We were pleased to welcome Kemi Badenoch and Sir Mel Stride to DCS recently. They spent time on our warehouse floor, picking products and working on our co-packing lines, seeing first-hand the operational realities of a British business like ours. We discussed our growth plans, the pressures facing employers and the stark findings of the Jobs Foundation report. It was refreshing to have a serious policy conversation grounded in reality.

But while policy matters, businesses ultimately succeed or fail because of people.

People like Karen, now our Head of Quality and Compliance, who joined DCS in 2003 as a temporary warehouse order checker. She left school at 16 and learned her trade through on-the-job training and sheer determination. Over two decades, she progressed into senior leadership. Her journey is a reminder that Britain’s talent is not confined to university lecture halls.

Then there’s Ella, one of our health and safety apprentices, who joined us in her early twenties after an injury forced her to change career direction. She is now completing a level three apprenticeship, building skills and confidence in a culture that encourages responsibility and learning. This is exactly the kind of environment Britain needs if it is serious about opportunity and social mobility.

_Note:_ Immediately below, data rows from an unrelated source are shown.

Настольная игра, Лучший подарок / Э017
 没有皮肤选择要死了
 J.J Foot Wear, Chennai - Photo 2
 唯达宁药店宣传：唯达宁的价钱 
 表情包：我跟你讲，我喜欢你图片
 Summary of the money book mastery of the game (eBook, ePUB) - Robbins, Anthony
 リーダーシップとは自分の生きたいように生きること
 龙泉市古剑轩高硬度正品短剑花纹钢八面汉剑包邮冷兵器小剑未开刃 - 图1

And then Lily, our Commercial Director. Lily joined DCS in 2012 in an administrative role created for her potential rather than her CV. Her drive and a strong work ethic saw her progress through every level of the commercial team and she now leads a function responsible for a substantial share of our revenue. Her story reflects what happens when ambition and talent combine with a business prepared to invest in its people.

Because of colleagues like Karen, Ella and Lily, DCS can succeed in almost any circumstances, even when government policy makes the environment harder than it should be. But that resilience comes at a cost. Not every business has the depth of talent, culture or financial headroom to absorb constant policy shocks. When government raises barriers to investment or succession, many firms are simply not strong enough to weather the storm.

The result is an unseen but very real opportunity cost. Businesses that never expand, jobs that are never created and tax revenues that are never generated for the Exchequer.

British entrepreneurs will always find a way to adapt. The real question is whether government wants to be an ally or an obstacle. If ministers are serious about growth, productivity and national renewal, they must stop penalising those who create jobs and start giving them the confidence to invest for the long term, not just for future prosperity, but for the health and wellbeing of our people, for which good jobs are an essential ingredient.

Karen, Ella and Lily embody Britain’s extraordinary potential. Their stories show how business, when allowed to thrive, can be a powerful force for good. The tragedy is that government too often fails to recognise it.